I have recently put eclipse speakers in my car and they sound aight but with the subwoofer they are drowned out is there any way i can add like a 6 by 9 speaker in the trunk ? with out having it hooked up to the eclipse?


----------



## Psch91 (May 18, 2002)

Sorry but I cant help you with this, but I find it funny how the subs drown out the other speakers. I have the same problem on some songs. I put my friends cd in, and all you could hear is bass, it was like there was no one singing at all, it was too funny.


----------



## SentraStyleEMW (Aug 15, 2002)

CLocK NX said:


> *I have recently put eclipse speakers in my car and they sound aight but with the subwoofer they are drowned out is there any way i can add like a 6 by 9 speaker in the trunk ? with out having it hooked up to the eclipse? *


Putting some 6x9's in the trunk really won't do a hole lot for your sound. What you need to do is get an amplifier for your mids/highs. That will help to even out the sound between the sub and the speakers.


----------



## PrOxLaMuS© (Aug 11, 2002)

Well, you really never specified if your running an amplifier, I assume you are, cause thats how you power your subwoofer right?

But have you tried turning down the BASS levels and turning up the TREBLE levels? < I know it sounds stupid, but hey it might work.

If you have an amplifier, adjust the GAIN and FREQUENCY levels. 

But some 6X9's in the trunk?


> any way i can add like a 6 by 9 speaker in the trunk ? with out having it hooked up to the eclipse


 How would you hook it up to the eclipse? IF you would..... it would cut the power to the speakers in half, resulting in alot less power to the speakers which would equall little to no sound being put out, when your subs are blaring.

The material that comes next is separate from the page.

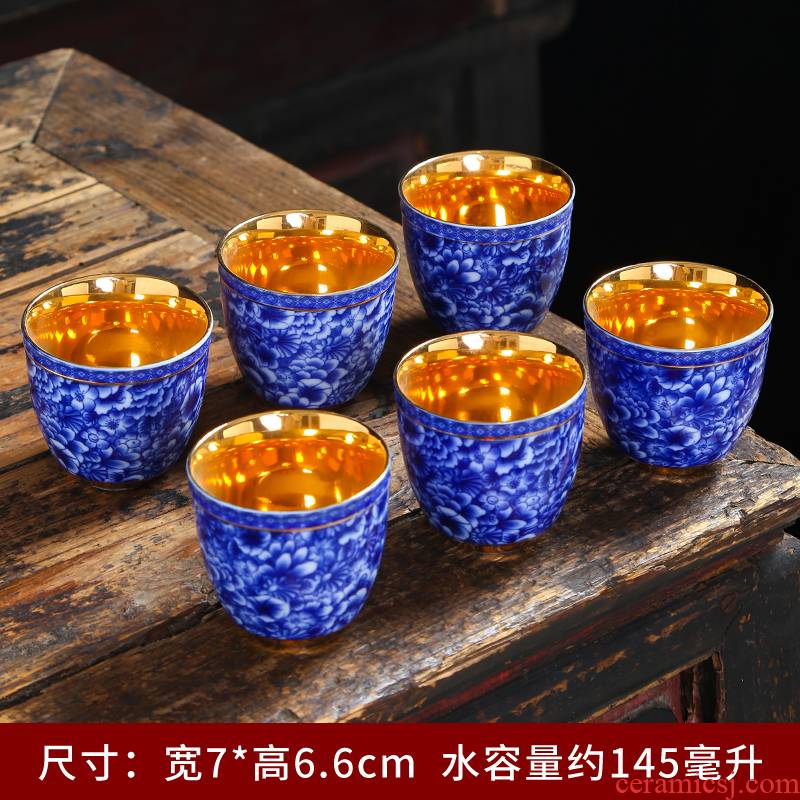 Blue and white porcelain teacup ji Blue ceramic kung fu tea tea cups single CPU master cup, suit the bowl sample tea cup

So... I wouldnt really suggest that. And when you say putting them in your tunk, are you talking about replacing the Subs with the 6X9's? Or adding an additinal set of 6X9's to abalnce the sound or what? Cause the 6X9's are speakers basically set up for sound and high bass levels...... Would you want more bass??


----------



## CLocK NX (Jan 8, 2003)

i would add the 2 6x9s and a small amp for them to run off of... i like the bass how it is but i need to have a lil more sound ya know thanks for the post im looking into as we speak..


----------



## infrared (Aug 1, 2002)

I think you should get a 4 channel amp to run the front and rear speakers. If you are powering them off your head unit, they will have a hard time matching up to your sub. Plus at high volumes you will have a cleaner sound.


----------



## Guest (Jan 24, 2003)

turn down your gain and bass boost settings on the amplifier powering your sub, then buy an amplifier for your interior speakers, if your head unit has a loudness setting...turn it off. then adjust your bass and trebble setting in the head unit as well. don't buy another 6x9, waste of money, get either tweeters or high mids. if you did buy that, then you'd have to buy another interior amplifier, plus a new distribution block because your block probably only has two outs and one in.


----------